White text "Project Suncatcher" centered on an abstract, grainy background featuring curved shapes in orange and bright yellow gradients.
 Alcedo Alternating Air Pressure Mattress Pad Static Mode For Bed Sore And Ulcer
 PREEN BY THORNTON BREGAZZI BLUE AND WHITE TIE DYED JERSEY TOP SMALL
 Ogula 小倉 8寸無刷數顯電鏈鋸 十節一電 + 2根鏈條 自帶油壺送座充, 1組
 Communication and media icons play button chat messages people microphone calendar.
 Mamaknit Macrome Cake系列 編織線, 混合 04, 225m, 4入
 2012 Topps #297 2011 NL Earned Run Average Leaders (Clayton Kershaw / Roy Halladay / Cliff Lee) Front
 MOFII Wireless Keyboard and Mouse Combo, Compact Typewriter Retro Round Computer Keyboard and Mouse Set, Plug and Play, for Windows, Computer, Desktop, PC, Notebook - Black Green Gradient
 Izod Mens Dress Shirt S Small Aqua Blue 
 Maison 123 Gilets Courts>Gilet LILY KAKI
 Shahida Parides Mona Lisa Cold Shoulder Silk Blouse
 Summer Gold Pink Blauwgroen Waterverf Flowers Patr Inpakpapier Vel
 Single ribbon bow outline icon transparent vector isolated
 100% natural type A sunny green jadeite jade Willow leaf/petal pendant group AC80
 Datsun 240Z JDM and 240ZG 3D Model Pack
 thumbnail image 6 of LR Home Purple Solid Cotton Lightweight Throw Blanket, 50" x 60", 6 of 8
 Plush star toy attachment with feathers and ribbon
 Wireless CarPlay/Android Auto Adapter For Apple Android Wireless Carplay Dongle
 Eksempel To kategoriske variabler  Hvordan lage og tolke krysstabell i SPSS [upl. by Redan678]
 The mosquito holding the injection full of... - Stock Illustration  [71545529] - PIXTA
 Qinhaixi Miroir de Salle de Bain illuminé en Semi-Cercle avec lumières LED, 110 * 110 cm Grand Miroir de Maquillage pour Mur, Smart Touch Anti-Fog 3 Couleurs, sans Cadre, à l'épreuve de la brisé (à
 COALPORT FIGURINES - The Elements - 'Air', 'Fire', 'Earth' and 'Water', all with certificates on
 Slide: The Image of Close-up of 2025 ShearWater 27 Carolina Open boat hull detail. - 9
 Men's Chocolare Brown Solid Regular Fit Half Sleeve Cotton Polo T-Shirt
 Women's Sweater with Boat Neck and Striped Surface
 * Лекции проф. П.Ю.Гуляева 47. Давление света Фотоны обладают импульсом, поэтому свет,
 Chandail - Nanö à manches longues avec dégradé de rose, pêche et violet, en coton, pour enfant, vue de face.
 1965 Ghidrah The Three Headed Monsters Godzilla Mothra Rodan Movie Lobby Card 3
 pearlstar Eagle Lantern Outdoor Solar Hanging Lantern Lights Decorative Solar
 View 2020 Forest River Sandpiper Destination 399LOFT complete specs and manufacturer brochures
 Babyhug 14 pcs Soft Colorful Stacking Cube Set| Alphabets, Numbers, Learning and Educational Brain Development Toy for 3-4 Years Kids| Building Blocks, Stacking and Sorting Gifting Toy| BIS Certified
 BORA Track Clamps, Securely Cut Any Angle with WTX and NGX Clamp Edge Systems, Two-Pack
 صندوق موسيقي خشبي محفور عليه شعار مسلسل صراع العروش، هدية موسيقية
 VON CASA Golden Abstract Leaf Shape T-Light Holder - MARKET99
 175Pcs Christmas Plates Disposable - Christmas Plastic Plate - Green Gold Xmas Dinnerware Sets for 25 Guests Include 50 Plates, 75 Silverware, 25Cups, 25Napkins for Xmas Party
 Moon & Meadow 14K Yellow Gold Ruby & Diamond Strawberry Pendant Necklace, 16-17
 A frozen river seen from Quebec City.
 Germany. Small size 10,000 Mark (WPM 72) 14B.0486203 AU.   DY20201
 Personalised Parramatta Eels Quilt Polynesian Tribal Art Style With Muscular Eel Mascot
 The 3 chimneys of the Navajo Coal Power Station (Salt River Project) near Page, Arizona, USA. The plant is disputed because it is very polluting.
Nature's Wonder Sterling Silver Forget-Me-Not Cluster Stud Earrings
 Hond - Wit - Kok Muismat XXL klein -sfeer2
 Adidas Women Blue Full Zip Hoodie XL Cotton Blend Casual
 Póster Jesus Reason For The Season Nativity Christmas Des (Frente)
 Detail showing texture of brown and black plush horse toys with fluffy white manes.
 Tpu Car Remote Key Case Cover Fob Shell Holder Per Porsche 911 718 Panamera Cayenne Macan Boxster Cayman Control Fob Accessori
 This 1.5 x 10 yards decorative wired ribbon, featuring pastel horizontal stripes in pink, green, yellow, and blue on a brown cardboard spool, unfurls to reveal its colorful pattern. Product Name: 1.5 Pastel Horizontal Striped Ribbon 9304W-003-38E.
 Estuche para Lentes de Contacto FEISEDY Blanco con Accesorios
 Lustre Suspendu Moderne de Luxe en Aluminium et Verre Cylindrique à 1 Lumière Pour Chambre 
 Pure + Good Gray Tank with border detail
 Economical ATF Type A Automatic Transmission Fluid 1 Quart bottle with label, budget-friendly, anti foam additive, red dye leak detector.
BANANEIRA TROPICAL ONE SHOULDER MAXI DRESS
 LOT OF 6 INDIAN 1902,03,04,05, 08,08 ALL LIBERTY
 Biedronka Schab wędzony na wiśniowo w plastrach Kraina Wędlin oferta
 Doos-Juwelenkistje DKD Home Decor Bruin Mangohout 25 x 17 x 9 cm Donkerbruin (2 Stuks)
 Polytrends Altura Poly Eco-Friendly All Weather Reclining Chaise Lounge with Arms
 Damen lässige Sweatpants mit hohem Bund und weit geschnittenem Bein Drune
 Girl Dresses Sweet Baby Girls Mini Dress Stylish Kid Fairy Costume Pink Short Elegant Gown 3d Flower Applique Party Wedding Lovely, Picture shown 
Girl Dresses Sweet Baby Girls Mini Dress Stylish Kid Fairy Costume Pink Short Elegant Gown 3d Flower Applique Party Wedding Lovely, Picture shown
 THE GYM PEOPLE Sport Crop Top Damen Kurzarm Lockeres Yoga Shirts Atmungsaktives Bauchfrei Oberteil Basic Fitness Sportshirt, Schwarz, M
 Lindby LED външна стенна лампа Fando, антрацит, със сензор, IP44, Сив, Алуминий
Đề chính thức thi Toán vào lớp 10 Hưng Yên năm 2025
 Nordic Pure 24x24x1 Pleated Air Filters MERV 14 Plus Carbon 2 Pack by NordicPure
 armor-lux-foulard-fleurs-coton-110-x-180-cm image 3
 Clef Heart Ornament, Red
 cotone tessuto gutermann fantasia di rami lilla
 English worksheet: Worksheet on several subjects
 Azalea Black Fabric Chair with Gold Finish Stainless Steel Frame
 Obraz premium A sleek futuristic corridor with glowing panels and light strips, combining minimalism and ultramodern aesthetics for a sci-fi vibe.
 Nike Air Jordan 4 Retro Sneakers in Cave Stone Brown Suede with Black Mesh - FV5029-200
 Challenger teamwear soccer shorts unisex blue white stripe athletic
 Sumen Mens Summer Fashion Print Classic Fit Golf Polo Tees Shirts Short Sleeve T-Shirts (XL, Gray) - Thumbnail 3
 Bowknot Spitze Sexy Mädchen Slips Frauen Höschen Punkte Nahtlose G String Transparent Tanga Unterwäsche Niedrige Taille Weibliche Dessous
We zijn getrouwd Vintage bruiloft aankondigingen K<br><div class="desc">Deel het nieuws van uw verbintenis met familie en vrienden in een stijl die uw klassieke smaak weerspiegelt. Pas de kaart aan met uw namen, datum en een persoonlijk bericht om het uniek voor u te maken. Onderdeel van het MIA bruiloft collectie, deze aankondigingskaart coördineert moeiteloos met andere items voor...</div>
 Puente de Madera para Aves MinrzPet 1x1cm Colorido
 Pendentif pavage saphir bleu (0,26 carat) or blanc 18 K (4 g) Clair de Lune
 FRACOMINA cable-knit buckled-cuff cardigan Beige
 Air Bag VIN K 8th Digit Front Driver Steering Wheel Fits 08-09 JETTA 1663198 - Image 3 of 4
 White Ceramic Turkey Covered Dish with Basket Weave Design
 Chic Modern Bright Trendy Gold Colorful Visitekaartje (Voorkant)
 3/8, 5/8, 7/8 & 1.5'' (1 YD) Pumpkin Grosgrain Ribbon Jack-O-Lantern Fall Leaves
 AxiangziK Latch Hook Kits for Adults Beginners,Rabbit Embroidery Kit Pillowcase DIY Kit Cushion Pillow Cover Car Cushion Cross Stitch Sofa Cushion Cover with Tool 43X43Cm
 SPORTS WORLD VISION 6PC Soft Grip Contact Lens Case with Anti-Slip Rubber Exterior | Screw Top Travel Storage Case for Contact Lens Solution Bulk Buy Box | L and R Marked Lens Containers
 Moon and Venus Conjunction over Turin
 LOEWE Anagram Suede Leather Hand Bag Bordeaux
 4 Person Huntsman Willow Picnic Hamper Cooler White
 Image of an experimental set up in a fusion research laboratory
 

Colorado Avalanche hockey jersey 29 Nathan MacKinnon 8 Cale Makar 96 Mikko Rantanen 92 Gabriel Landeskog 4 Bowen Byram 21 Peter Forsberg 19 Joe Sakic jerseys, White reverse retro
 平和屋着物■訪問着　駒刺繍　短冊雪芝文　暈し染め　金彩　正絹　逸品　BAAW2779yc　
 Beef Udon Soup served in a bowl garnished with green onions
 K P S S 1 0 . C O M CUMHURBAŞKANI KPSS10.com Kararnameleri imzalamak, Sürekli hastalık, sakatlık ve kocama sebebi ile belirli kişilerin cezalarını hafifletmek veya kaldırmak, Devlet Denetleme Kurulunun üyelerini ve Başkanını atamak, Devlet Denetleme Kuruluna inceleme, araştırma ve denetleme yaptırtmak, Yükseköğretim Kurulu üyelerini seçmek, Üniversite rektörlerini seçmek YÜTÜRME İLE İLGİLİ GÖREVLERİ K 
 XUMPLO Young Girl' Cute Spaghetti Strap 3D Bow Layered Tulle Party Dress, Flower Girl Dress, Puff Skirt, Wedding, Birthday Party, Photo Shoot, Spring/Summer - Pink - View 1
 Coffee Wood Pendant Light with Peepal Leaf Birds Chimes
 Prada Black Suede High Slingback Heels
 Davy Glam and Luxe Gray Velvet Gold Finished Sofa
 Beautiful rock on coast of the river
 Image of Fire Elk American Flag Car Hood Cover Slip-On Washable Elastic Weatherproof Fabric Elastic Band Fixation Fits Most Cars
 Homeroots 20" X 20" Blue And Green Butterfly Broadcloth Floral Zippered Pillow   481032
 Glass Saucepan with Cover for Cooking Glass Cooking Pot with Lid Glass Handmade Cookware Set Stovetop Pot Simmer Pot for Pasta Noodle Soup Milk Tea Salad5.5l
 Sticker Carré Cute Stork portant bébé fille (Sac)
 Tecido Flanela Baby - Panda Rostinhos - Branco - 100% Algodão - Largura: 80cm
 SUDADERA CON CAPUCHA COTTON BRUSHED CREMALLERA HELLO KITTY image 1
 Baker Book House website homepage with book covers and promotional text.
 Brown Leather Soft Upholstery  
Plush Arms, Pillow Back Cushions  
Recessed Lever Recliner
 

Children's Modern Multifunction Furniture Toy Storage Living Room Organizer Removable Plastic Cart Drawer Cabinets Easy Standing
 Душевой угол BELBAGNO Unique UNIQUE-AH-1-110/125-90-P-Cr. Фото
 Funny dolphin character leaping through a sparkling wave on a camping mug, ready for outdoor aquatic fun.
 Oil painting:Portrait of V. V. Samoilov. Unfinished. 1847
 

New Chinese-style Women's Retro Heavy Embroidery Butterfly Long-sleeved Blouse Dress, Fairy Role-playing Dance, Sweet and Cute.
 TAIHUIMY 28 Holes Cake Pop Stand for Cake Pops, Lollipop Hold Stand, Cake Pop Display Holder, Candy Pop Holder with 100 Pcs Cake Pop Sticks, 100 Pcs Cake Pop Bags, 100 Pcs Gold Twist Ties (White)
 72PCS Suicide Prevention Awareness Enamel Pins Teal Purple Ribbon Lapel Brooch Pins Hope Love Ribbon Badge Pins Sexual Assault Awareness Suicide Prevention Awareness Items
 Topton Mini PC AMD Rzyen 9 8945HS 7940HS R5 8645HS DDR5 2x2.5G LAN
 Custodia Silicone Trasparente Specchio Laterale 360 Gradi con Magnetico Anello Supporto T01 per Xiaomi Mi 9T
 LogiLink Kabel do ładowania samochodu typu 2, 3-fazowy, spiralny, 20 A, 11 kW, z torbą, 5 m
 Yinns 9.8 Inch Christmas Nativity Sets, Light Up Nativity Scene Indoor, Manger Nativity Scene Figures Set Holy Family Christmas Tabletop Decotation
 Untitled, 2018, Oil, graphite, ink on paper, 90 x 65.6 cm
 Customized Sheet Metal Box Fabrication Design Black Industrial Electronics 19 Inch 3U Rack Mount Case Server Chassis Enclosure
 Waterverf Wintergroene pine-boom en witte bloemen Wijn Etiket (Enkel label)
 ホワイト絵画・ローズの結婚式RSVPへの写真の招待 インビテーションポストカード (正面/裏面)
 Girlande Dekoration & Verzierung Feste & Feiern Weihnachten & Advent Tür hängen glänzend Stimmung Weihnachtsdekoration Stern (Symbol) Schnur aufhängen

| What you will do |
From the records above, give again exactly the lines running from the line with "Coffee Wood Pendant" to the line with "Blue And Green", inclusive.

| Output for this task |
 Coffee Wood Pendant Light with Peepal Leaf Birds Chimes
 Prada Black Suede High Slingback Heels
 Davy Glam and Luxe Gray Velvet Gold Finished Sofa
 Beautiful rock on coast of the river
 Image of Fire Elk American Flag Car Hood Cover Slip-On Washable Elastic Weatherproof Fabric Elastic Band Fixation Fits Most Cars
 Homeroots 20" X 20" Blue And Green Butterfly Broadcloth Floral Zippered Pillow   481032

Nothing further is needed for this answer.